Escrita Tribal

sábado, junho 11, 2005

Cegos, chatos e birrentos

Por mais que uma criança queira ser matura e ter atitudes que provem a sua maturidade, continuará a ser uma criança, da mesma forma que um pássaro que sai do ninho e efectua o seu primeiro vôo não pode ter a mesma agilidade, a mesma compreensão da aerodinâmica, dos ventos, tudo aquilo que com o viver vai aperfeiçoar o seu vôo.

A experiência, a tentativa e o erro, e a noção de que por mais que se pense que se saiba, haverá sempre mais a aprender, é a prova de que todos somos crianças, mesmo que tenhamos diferentes níveis de maturação numa ou noutra área.

A negação da nossa inexperiência, ou indignação quando alguém a afirma, é apenas evidência da nossa real infantilidade, reacção comparável ás birras de quem tem sono e quer à força ficar acordado. Mas as birras não enganam ninguém além do birrento, que não quer admitir a sua falta de maturidade.

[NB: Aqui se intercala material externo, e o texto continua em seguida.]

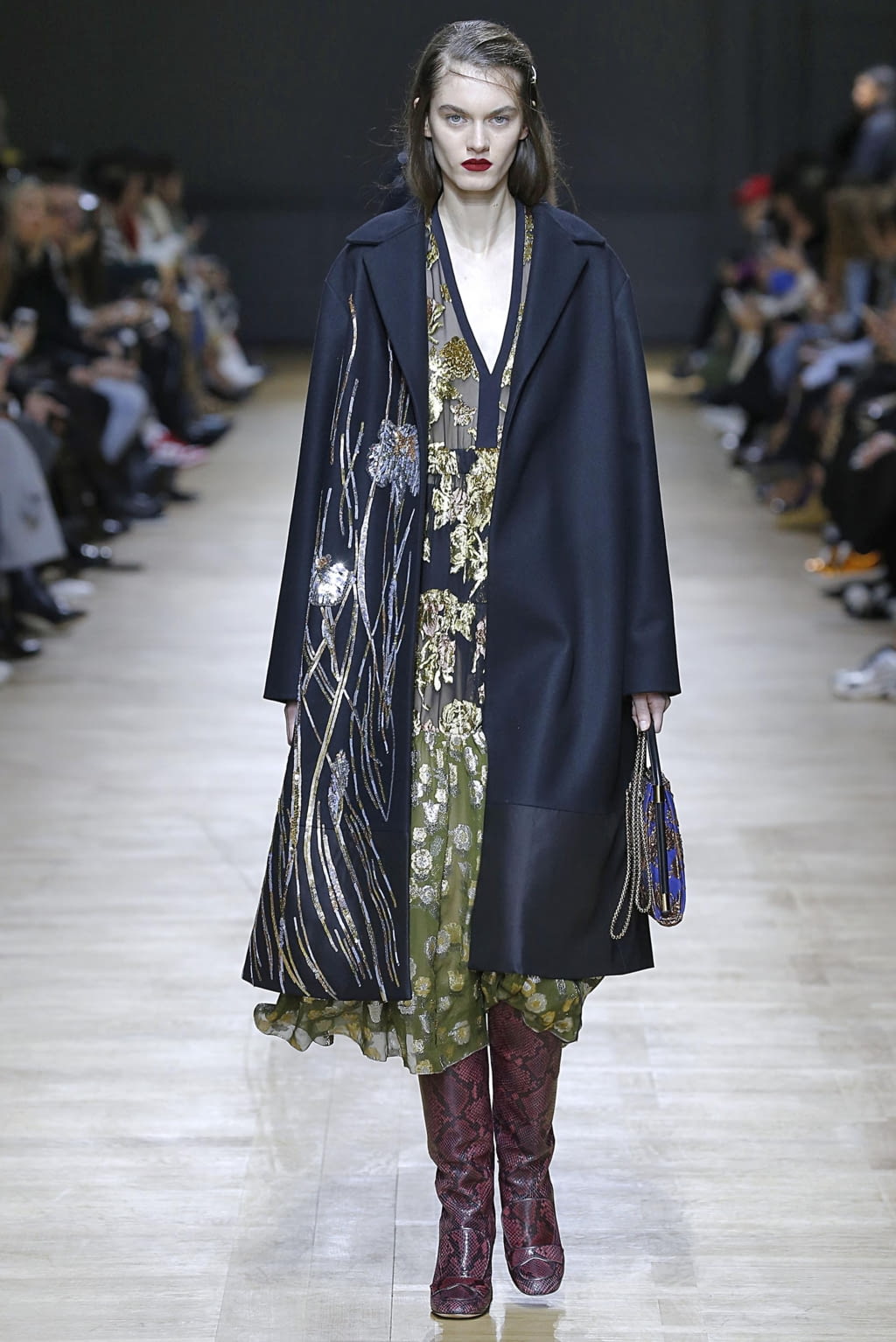 Fashion Week Paris Fall/Winter 2018 look 33 from the Rochas collection womenswear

A birra pode ser irritante, incómoda, incompreensível até, para quem tem de a suportar, porém, a mais absoluta cegueira acerca da birra está com o birrento, que esperneia, chateia, incomoda-se a si e aos outros, até conseguir cansar os outros ou e a si mesmo o suficiente para cair ou desistir.

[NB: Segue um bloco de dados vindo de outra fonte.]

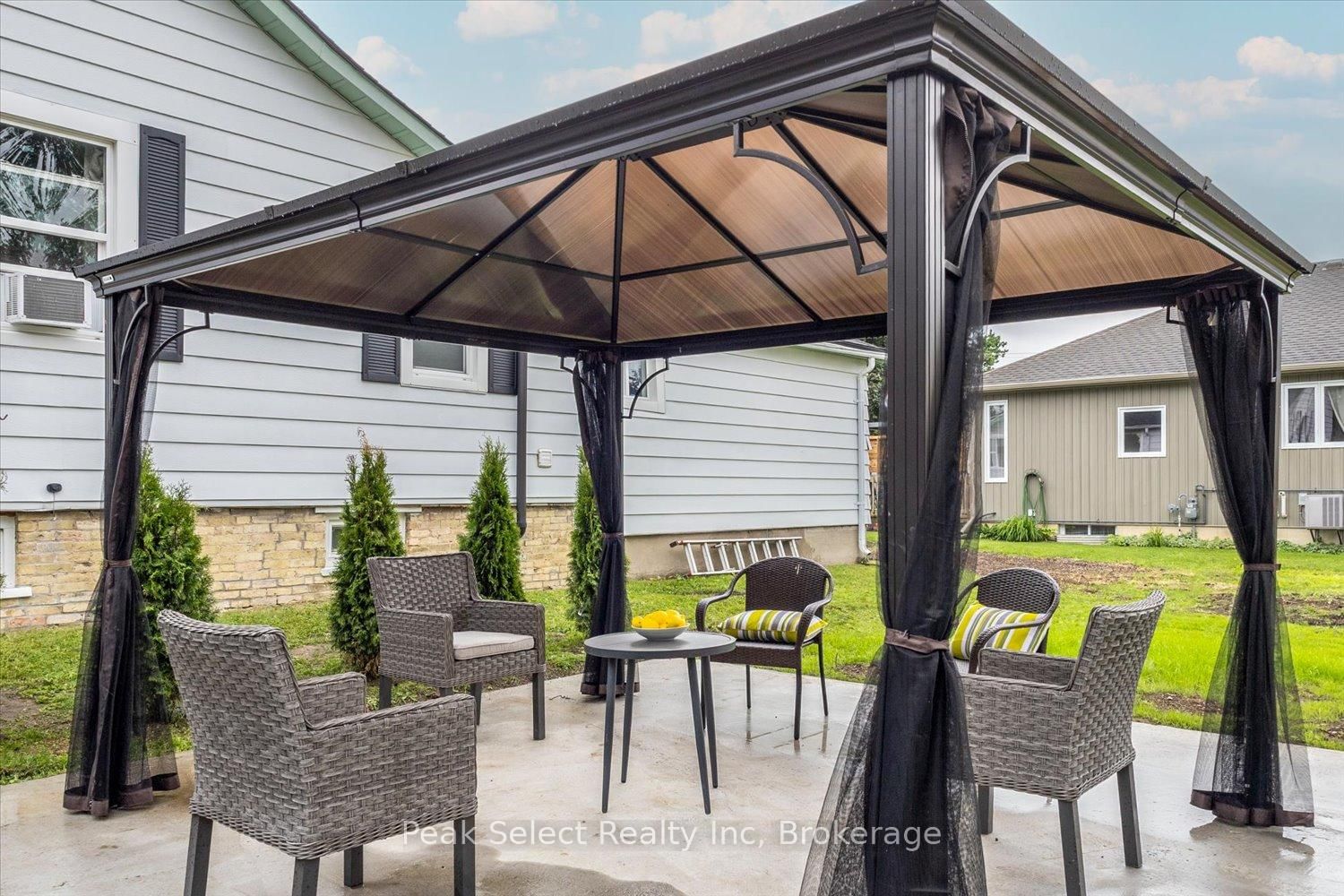 103 Park Street • South Huron, ON photo 18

Ter medo de sair do ninho, voar desajeitadamente e revelar a nossa imaturidade é sinal de maior cegueira e irracionalidade ainda, porque sem exercício as asas atrofiam, sem movimento os membros não se desenvolvem, sem pensar a mente não percebe... sem realmente analisar, o olhar é como um risco acidental numa folha de papel - acontece sem propósito definido, não resultanto numa conclusão em especial. Torna-se um risco sem razão, um desperdício de tinta, um desperdício de energia, de tempo, de vida.

Será que há algo mais ridículo que ter os instrumentos para alcançar a compreensão da vida, e ficar sentado a chorar a incompreensão que deriva da falta de uso que nos damos a nós mesmos? Bem, mais ridículo, só talvez viver de forma a degradar as nossas capacidades de compreensão e esperar perceber alguma coisa...

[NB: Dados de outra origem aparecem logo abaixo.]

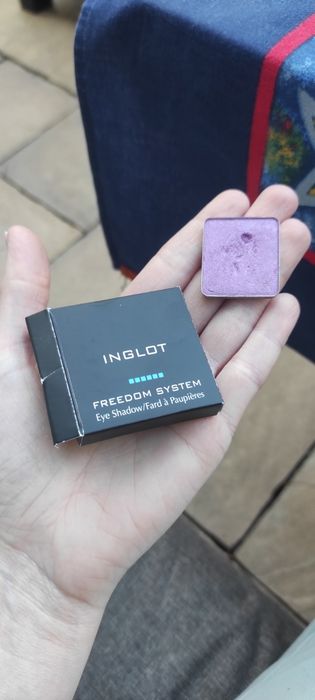Cień Inglot 127 fiolet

Enquanto vivemos para o Futuro, a Vida do Presente vai-nos passando pelos dedos como areia fina, e enquanto isso o Passado vai-nos perseguindo com todas as suas marcas e lágrimas, até nos lançar à morte e fazer de nós sombras e memórias. Quem não vive a vida mas vive o medo de sofrer e morrer, sofre e morre à espera da vida. E quem deixa a felicidade para amanhã já começa mal... já está a desperdiçar o dia de hoje.